Exercise instructions: Write back every entry exactly as it reads, with the pictures left behind.

::::

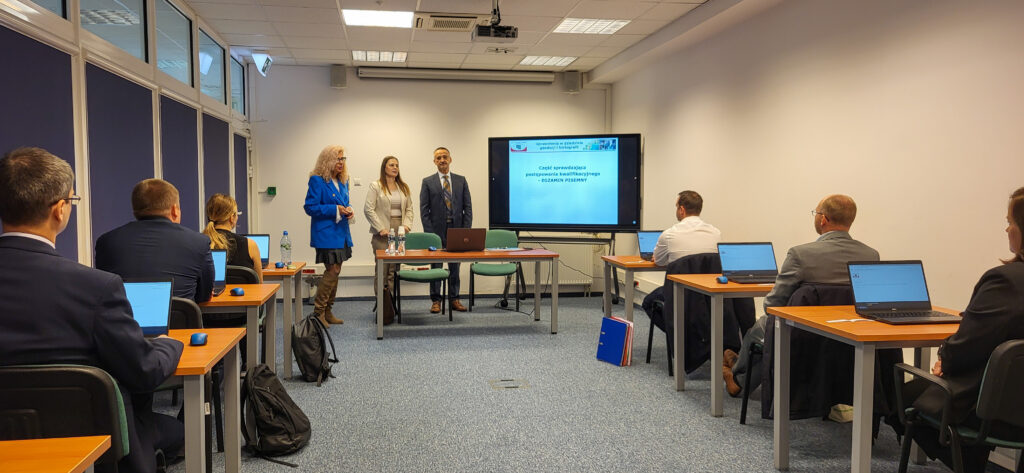 Fot. 3. Zdjęcie przedstawia salę egzaminacyjną z członkami Komisji egzaminacyjnej i osobami przystępującymi do egzaminu siedzącymi pojedynczo przed laptopami.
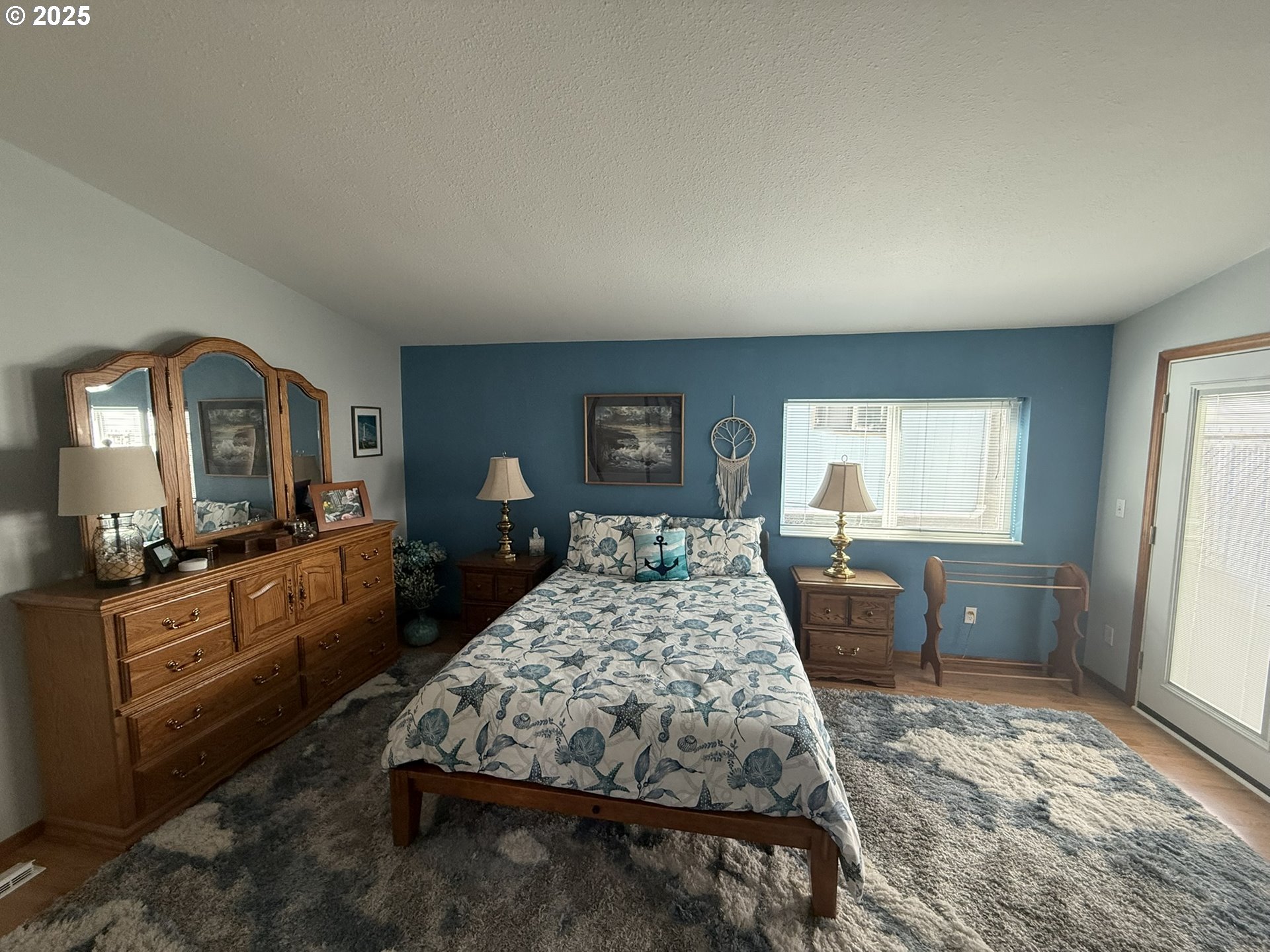 100 River Bend Road, Unit 17 Reedsport, OR 97467 - Photo 20 of 29 a bedroom with a large bed and wooden floor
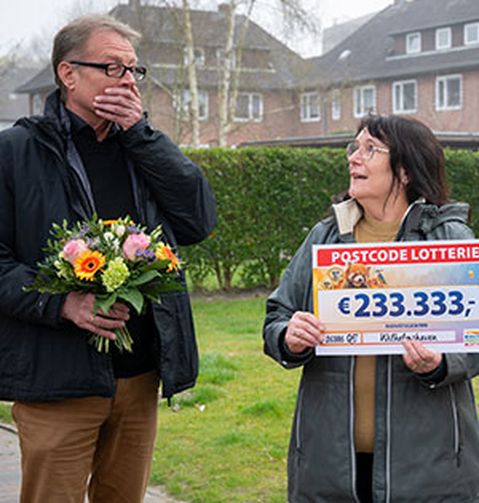 Ein überraschter Mann hält einen Blumenstrauß, während eine Frau in einem Wohngebiet einen Postcode-Lotterie-Scheck über 233.333 € präsentiert.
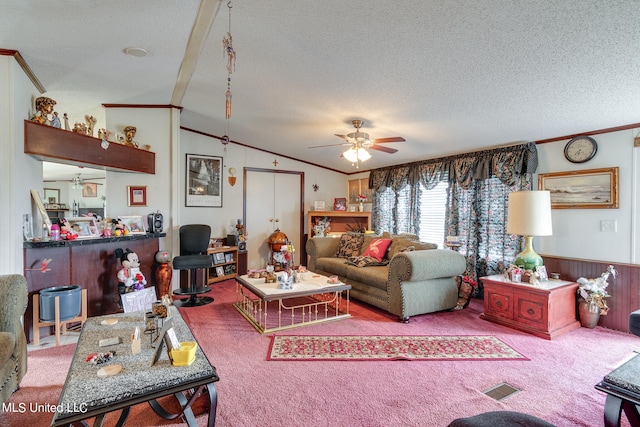 living room featuring lofted ceiling, ceiling fan, a textured ceiling, carpet flooring, and wood walls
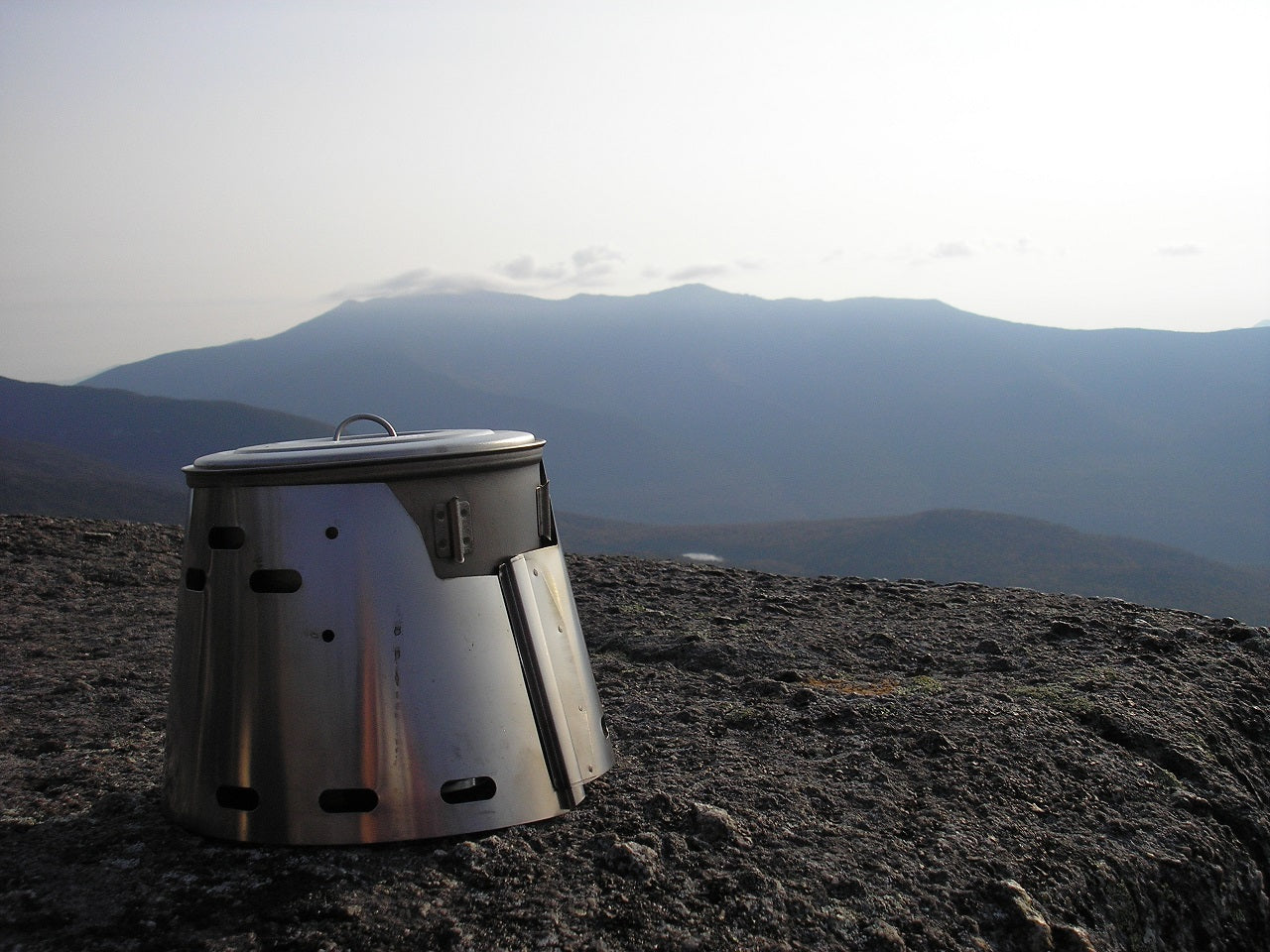 Gregory Marsh with his Sidewinder enjoying a warm beverage after finishing a sunrise photography session of Mount Lafayette and Franconia Ridge (background)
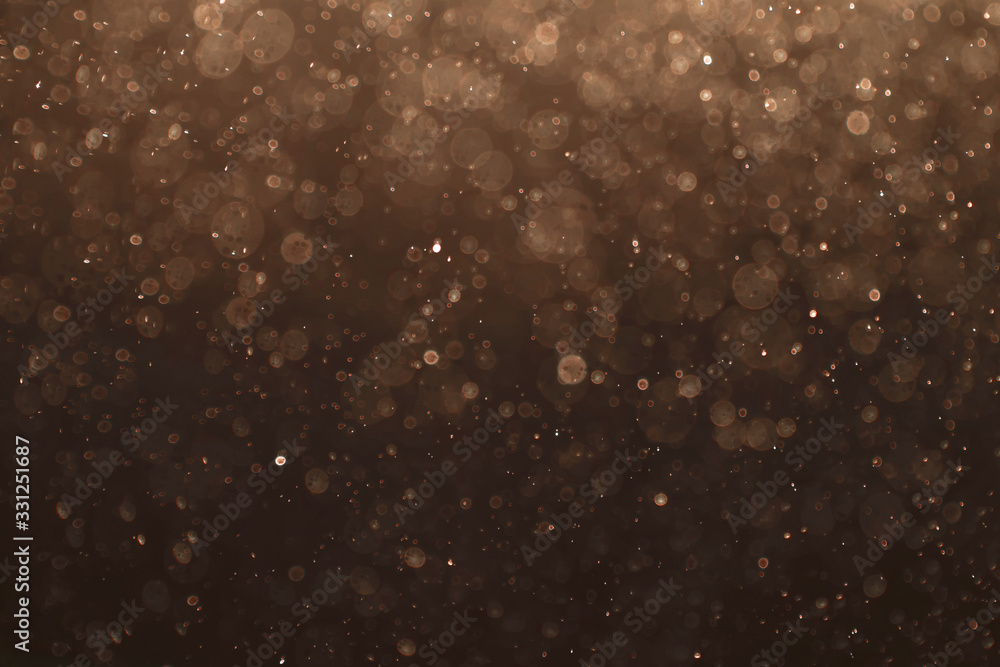 Abstract beautiful sparkling brown background.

::::

Answer below:
 Fot. 3. Zdjęcie przedstawia salę egzaminacyjną z członkami Komisji egzaminacyjnej i osobami przystępującymi do egzaminu siedzącymi pojedynczo przed laptopami.
 100 River Bend Road, Unit 17 Reedsport, OR 97467 - Photo 20 of 29 a bedroom with a large bed and wooden floor
 Ein überraschter Mann hält einen Blumenstrauß, während eine Frau in einem Wohngebiet einen Postcode-Lotterie-Scheck über 233.333 € präsentiert.
 living room featuring lofted ceiling, ceiling fan, a textured ceiling, carpet flooring, and wood walls
 Gregory Marsh with his Sidewinder enjoying a warm beverage after finishing a sunrise photography session of Mount Lafayette and Franconia Ridge (background)
 Abstract beautiful sparkling brown background.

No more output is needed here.